I Want To Be Afraid Of The Dark Again

I’m not afraid of the monster under my bed anymore…he left…quite a long time ago actually, though I never realized it until now. And no matter how many times I turn off the light, lie on my bed, my feet dangling off the edge and wiggle my toes hoping the monster might bite them, he never does. He left. Never to come back. No matter how many times I dare him to “boo!” me.

He has gone the same way that Moonface and the Saucepan Man and the angry pixie went. He left me just like my troupe of imaginary friends and my blue rocking horse and Kitchen Barbie. He has gone out of sight exactly like my Hot Wheels racing track and cars.

My dog’s eyes don’t gleam or twinkle anymore. He doesn’t get a case of the sniffles. He doesn’t bleed anymore when I accidently drop him down the stairs. Now, he’s exactly like all the other stuffed toys. The cotton inside of him is now simply cotton, not fragments of clouds or the mystical seeds of the Enchanted Tree. He no longer lies beside me on the bed and tells me about the mischief the other toys got into last night; how Tubby tried to get at the sketch pens but instead ended up knocking over Barbie’s wonderful, organized wardrobe; how ducky finally got the courage to swim properly in the tub…

I no longer feel posh and ‘all that’ while holding my plastic ‘wine’ glass filled with sherbet, and spouting british-sounding gibberish. I resigned from the German Secret Agency; I turned in my Russian spy identity card and all the fancy equipment; I don’t speak French or Imp or Goblin anymore. I no longer have tea with the Queen Of Neptune.

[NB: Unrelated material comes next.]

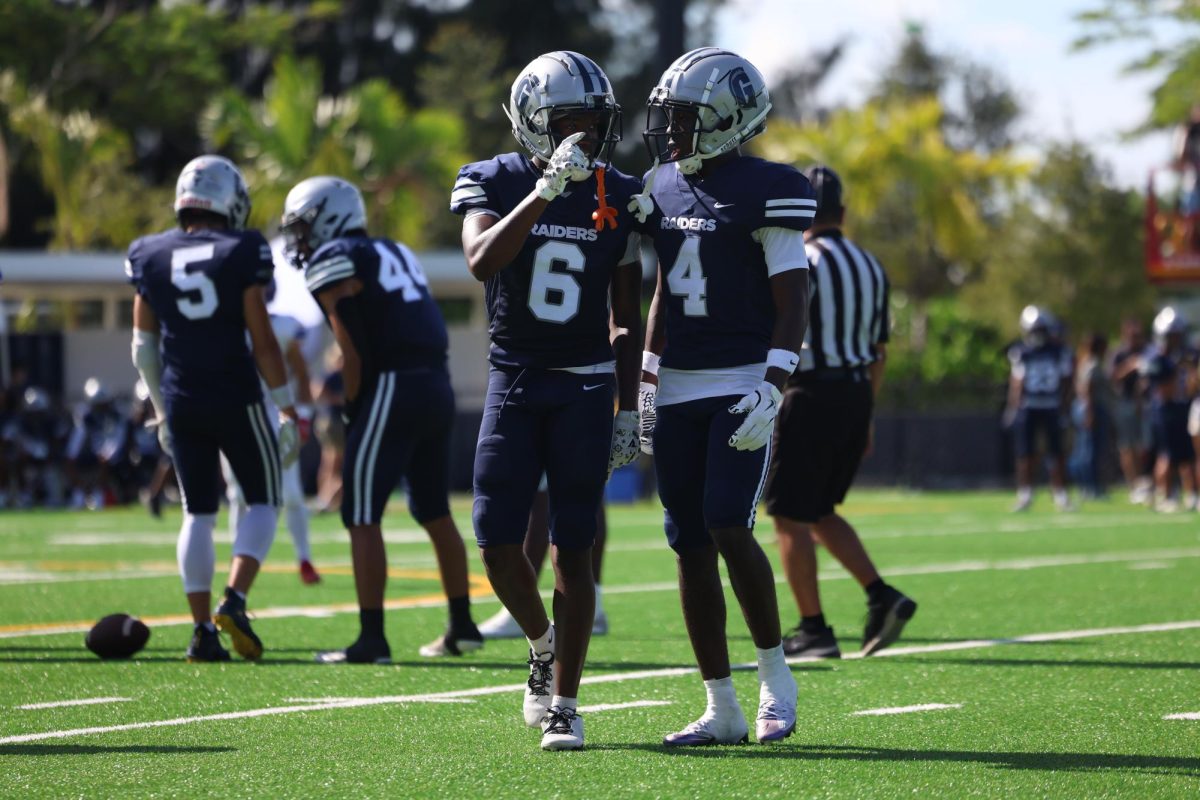 Senior defensive back/wide receiver Kenny Willams talks to junior defensive back/wide receiver Leondrez Leonard pre snap. Both players are having to play both on offense and defense this year.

I have finally accepted that Pluto is not a planet and don’t feel bad anymore that the other planets kicked him out of their posse. I got expelled from Hogwarts.

Scooby-doo and the gang don’t include me in any of their mysteries. Archie’s love dilemmas no longer seem forbidden or grown-up.

I don’t fight with my friends over who would make a better super hero; I don’t fight over pencils or fancy erasers..

Blossom, Bubbles and Buttercup no longer have all the answers. Dora doesn’t speak to me or ask me for help. Tom and Jerry are not the ones with the biggest problems nowadays.

Courage isn’t just a pink dog with funny teeth, it’s a very complicated thing.

Enid Blyton is not the Bible anymore. Secret late night ice-cream spree is no longer the worst thing I’ve done. Unicorns are extinct and all the pots of gold at the end of rainbows have been stolen, and not by Capt Hook. Peter Pan grew up.

Wrong and Right are no longer two parallel lines, they’re splashes of black and white which now sometimes make grey.

I’m not a child anymore. But I’m not an adult either. I still wish the fairy godmother would come and make me a pumpkin chariot. But I know she will not.